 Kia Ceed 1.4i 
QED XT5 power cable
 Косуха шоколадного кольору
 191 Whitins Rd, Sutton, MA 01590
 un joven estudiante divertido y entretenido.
---
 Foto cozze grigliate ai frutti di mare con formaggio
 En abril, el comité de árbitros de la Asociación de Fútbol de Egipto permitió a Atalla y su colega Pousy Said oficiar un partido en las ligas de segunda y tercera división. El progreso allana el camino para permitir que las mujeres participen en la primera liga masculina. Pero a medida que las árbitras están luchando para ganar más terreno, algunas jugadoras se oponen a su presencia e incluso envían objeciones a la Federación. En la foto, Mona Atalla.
==
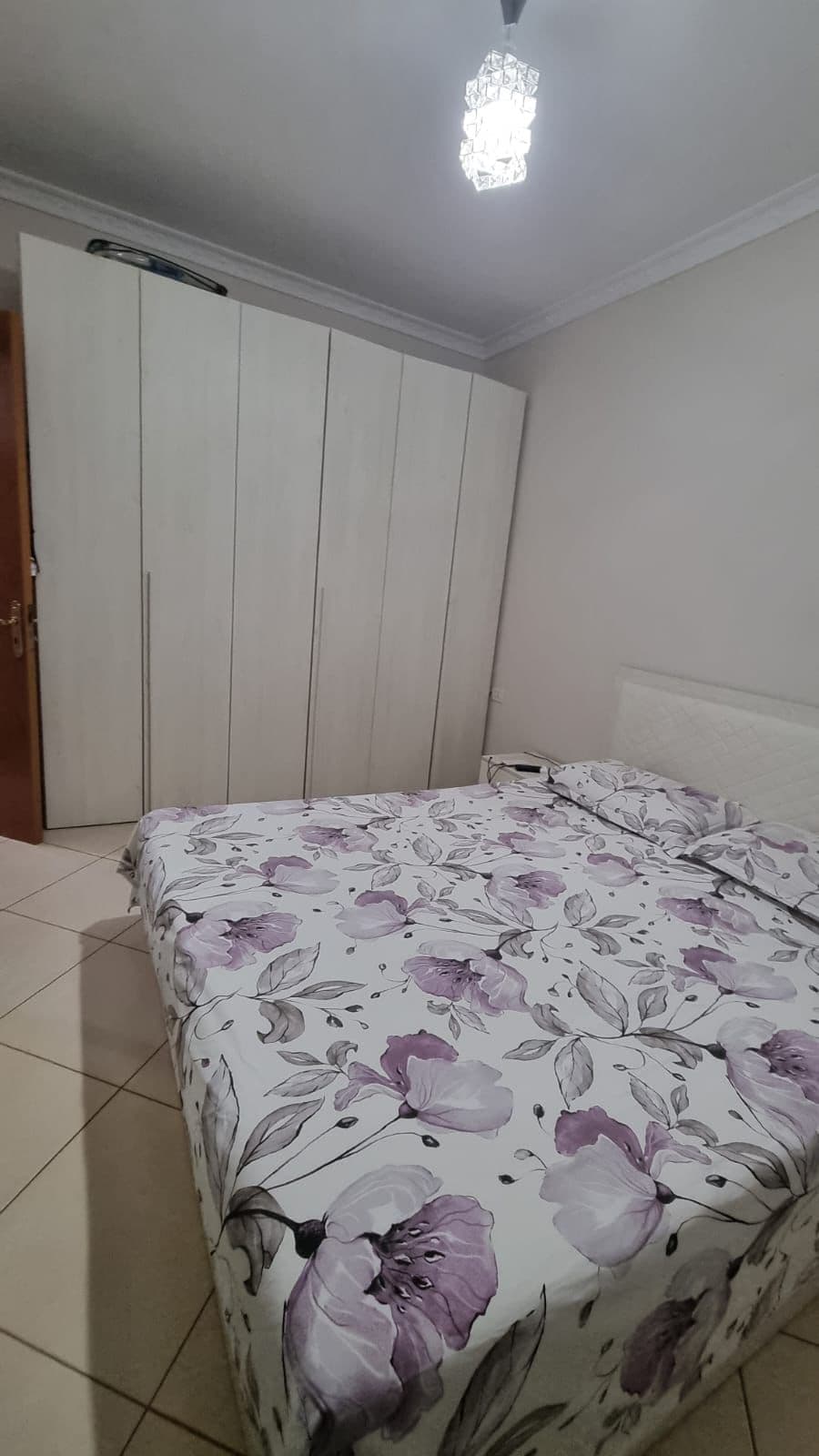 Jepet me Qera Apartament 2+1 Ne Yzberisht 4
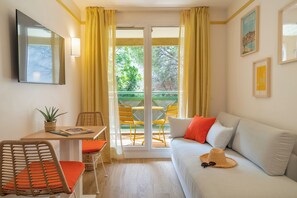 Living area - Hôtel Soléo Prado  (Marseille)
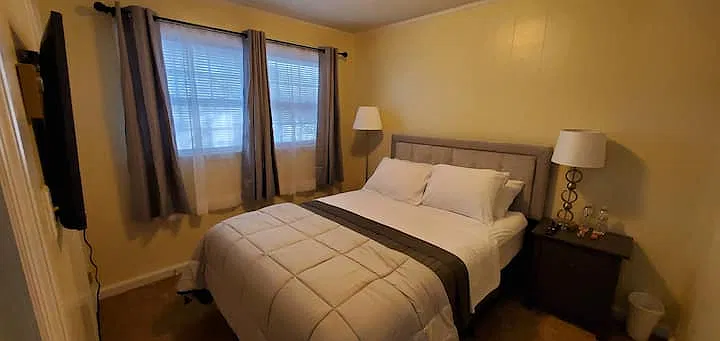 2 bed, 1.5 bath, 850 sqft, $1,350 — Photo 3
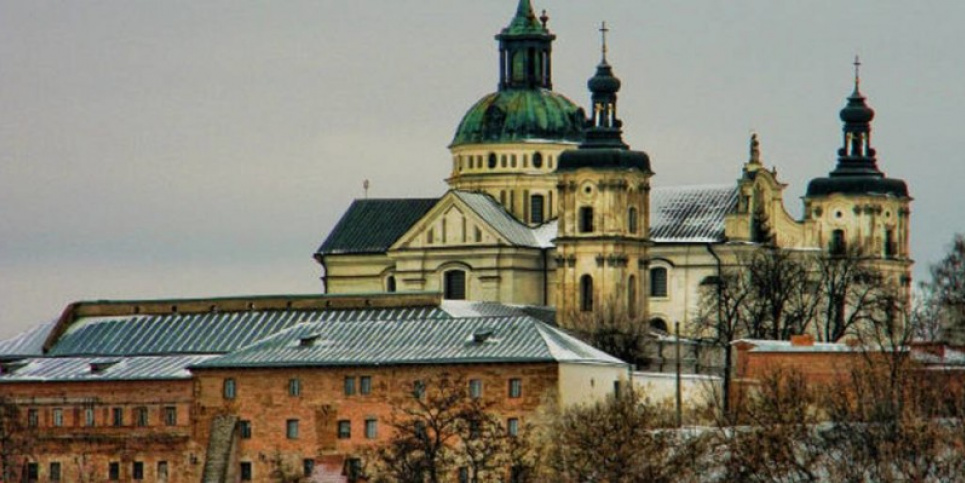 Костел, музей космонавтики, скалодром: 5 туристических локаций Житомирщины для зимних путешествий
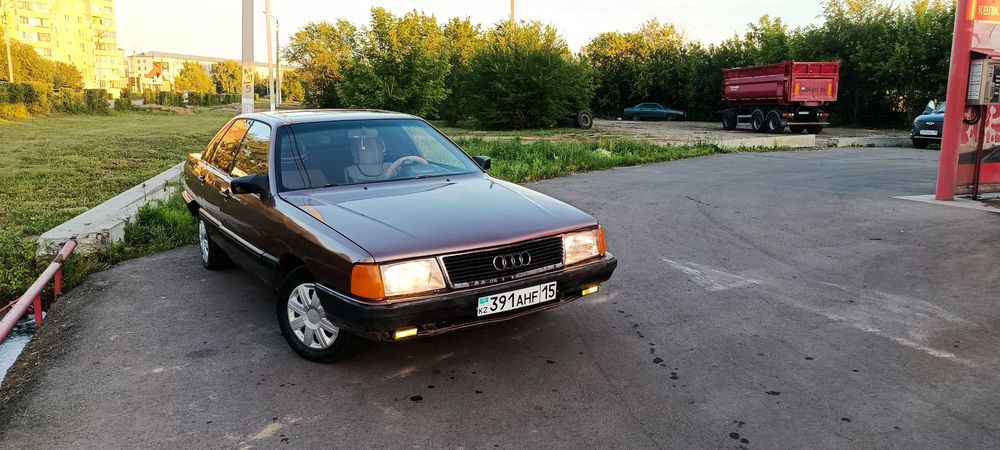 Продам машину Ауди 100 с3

# What is required
Reproduce exactly the lines of the data above that run from the line with "Living area - Hôtel" down to the line with "Продам машину Ауди 100 с3", both ends included. Pictures do not belong in the copy.

# Answer for this exercise
 Living area - Hôtel Soléo Prado  (Marseille)
 2 bed, 1.5 bath, 850 sqft, $1,350 — Photo 3
 Костел, музей космонавтики, скалодром: 5 туристических локаций Житомирщины для зимних путешествий
 Продам машину Ауди 100 с3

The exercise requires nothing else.